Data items
++++++++++

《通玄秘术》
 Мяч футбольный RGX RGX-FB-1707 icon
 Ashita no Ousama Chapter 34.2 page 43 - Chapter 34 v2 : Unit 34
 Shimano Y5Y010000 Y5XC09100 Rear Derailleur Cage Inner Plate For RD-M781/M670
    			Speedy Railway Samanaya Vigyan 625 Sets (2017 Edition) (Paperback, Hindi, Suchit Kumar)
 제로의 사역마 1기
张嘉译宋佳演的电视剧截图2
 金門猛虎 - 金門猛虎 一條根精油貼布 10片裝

++++++++++

▸ **Activity**: Print only the lines from the one with "Shimano Y5Y010000 Y5XC09100" to the end of the records, both included.

▸ **Written answer**:
 Shimano Y5Y010000 Y5XC09100 Rear Derailleur Cage Inner Plate For RD-M781/M670
    			Speedy Railway Samanaya Vigyan 625 Sets (2017 Edition) (Paperback, Hindi, Suchit Kumar)
 제로의 사역마 1기
张嘉译宋佳演的电视剧截图2
 金門猛虎 - 金門猛虎 一條根精油貼布 10片裝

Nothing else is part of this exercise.